■ Task to complete: In the copy you make, include no pictures, and transcribe every record exactly.

━━━ Exercise data ━━━

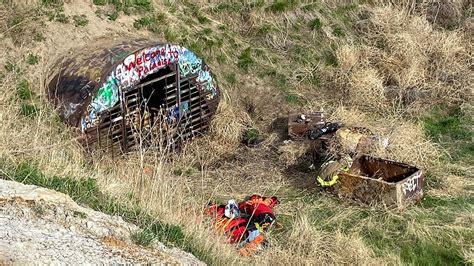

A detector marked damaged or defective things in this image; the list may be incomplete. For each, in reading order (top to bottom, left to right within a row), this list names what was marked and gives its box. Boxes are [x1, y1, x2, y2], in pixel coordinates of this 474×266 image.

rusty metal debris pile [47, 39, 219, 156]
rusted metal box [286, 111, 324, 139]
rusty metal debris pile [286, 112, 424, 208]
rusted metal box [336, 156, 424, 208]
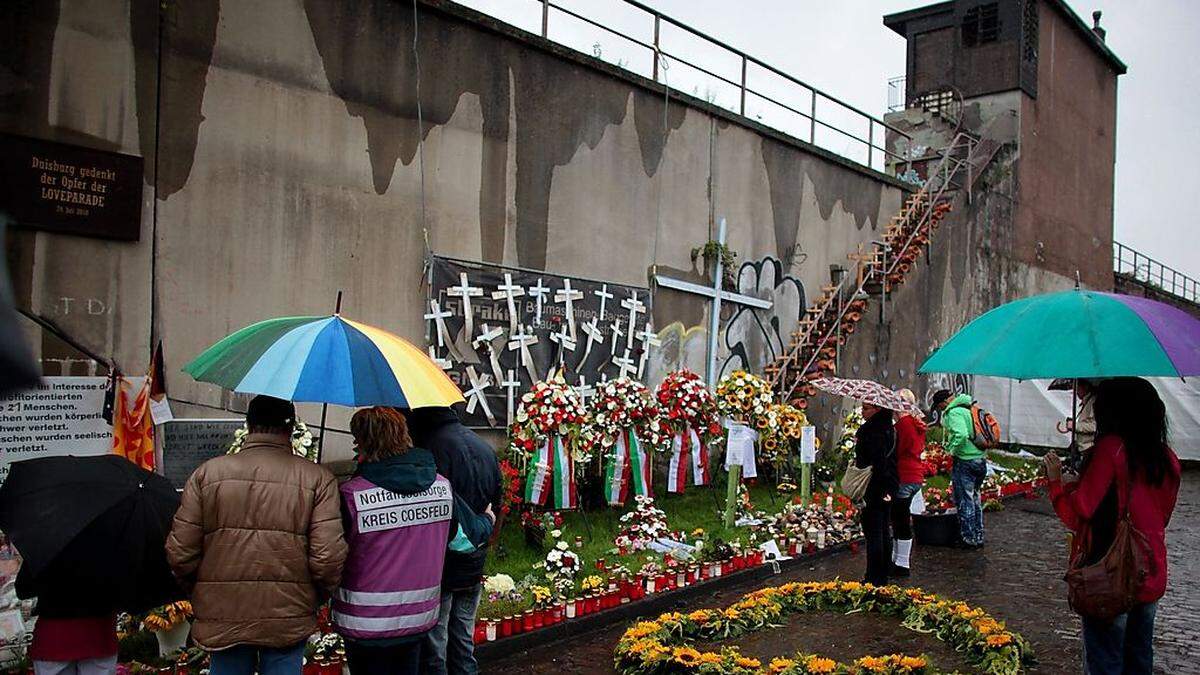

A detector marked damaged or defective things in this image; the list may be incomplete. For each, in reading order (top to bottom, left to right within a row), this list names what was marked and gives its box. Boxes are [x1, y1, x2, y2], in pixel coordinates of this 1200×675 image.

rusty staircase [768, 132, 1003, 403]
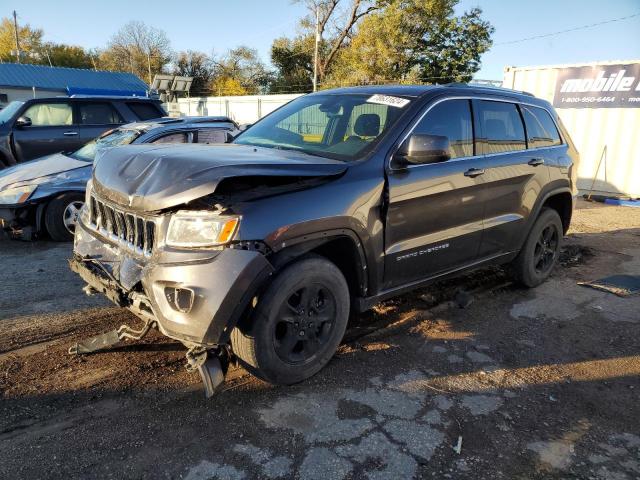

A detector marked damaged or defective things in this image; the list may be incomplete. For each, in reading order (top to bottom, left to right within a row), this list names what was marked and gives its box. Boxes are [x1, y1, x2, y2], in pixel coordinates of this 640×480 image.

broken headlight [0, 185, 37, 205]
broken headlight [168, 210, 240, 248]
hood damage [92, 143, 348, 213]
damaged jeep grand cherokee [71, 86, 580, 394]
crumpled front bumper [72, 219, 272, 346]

━━━

■ Reply:
A detector marked damaged or defective things in this image; the list may be incomplete. For each, in reading order (top to bottom, left to right within a row), this list names what was marked and gives its box. Boxes are [x1, y1, x2, y2], in pixel coordinates of this 474×266 image.

rusty metal debris pile [47, 39, 219, 156]
rusted metal box [286, 111, 324, 139]
rusty metal debris pile [286, 112, 424, 208]
rusted metal box [336, 156, 424, 208]

A detector marked damaged or defective things in this image; the list may be incomplete. For each, in reading order (top to bottom, left to right within a row), this list names what was marked and gives its box. Boxes are [x1, y1, x2, y2], in pixel coordinates of this 1200×675 image.

rusty staircase [768, 132, 1003, 403]

A detector marked damaged or defective things in this image; the list may be incomplete. For each, in reading order (top to bottom, left to right within a row), this list names what was marked and gives its box. Boxes are [x1, y1, x2, y2], in pixel coordinates of this 640×480 image.

broken headlight [0, 185, 37, 205]
broken headlight [168, 210, 240, 248]
hood damage [92, 143, 348, 213]
damaged jeep grand cherokee [71, 86, 580, 394]
crumpled front bumper [72, 219, 272, 346]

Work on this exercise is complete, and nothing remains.